The Research Excellence Framework is a national exercise to account for the quality of University research and identify and celebrate research excellence wherever it is found.

Between the last assessment in 2008, and the results of the 2014 REF the percentage of research submitted from our University that has been judged to be of at least "international" recognition has risen from 67% to 75%. While this reflects a trend across the sector, it is notable that we have achieved this while also more than doubling our disciplinary footprint from four units of assessment (UoAs) in 2008 to ten in 2014. In addition, we have more than doubled the number of our staff submitted - from 47 (42.7FTE) in 2008 to 119 (106.8FTE) in 2014. In other words, 24% of our academic staff FTE were submitted in 2014 as compared with only 9% in 2008.

In relation to what was a new assessment criterion of "research impact", given that our University Corporate Strategy is focused on Inspiration, Innovation and Impact, it was particularly pleasing that six of our units of assessment – General Engineering; Business and Management Studies; Law; Art and Design; Communication, Culture, Media, Library and Information Management; and Psychology, Psychiatry and Neuroscience - had 100% of their research "impact" recognised as being "considerable" or above, with 40% of our Psychology research judged to have "outstanding" impact.

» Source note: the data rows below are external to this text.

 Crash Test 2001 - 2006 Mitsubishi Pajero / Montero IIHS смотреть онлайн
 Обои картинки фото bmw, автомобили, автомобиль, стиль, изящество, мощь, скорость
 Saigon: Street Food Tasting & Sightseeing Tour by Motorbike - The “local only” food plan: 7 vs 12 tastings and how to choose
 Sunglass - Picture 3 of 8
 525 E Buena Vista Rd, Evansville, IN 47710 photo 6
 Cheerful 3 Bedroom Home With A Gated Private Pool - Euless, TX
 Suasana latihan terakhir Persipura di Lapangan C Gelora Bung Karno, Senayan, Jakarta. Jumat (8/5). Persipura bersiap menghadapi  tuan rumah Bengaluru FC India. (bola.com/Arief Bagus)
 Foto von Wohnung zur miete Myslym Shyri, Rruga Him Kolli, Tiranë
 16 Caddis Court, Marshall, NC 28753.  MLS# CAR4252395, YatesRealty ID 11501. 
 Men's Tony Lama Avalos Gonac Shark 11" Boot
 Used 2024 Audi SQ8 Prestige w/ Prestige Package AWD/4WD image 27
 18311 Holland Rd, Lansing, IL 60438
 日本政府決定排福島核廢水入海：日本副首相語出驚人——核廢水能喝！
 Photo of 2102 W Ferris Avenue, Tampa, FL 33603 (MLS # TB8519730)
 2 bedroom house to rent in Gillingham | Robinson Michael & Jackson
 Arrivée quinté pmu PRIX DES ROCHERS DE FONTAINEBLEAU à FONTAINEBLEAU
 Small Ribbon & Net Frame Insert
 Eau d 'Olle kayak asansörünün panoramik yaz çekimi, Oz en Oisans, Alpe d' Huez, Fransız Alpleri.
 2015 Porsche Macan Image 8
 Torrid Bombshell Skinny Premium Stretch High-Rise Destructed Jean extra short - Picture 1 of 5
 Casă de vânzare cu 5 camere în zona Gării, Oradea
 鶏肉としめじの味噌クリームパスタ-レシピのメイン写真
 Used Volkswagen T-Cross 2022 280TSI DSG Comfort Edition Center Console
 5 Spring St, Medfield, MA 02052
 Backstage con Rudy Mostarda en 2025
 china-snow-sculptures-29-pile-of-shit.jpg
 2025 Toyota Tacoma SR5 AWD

Some of our newly entered areas have done particularly well. Thus in Computing and Informatics, 95% of the submitted research "output" was judged to be of "international" recognition or higher. The appearance of a new Earth Sytems and Environmental Sciences REF profile alongside our established one in the Biological Sciences will help to reinforce a growing regional and national understanding that our student offer and our broader investments and developments in STEM and innovation are informed by research of at least international recognition.  

The new REF profile from Education lays a foundation for the development of our new Institute of Education in a clearly research-informed way. The 21% "world-leading" published output of colleagues from across the humanities and social sciences contributing to what was our largest UoA - in Communications, Culture, Media, Library and Information Management - is a clear signal of the inspirational quality to which University of Derby students are directly exposed.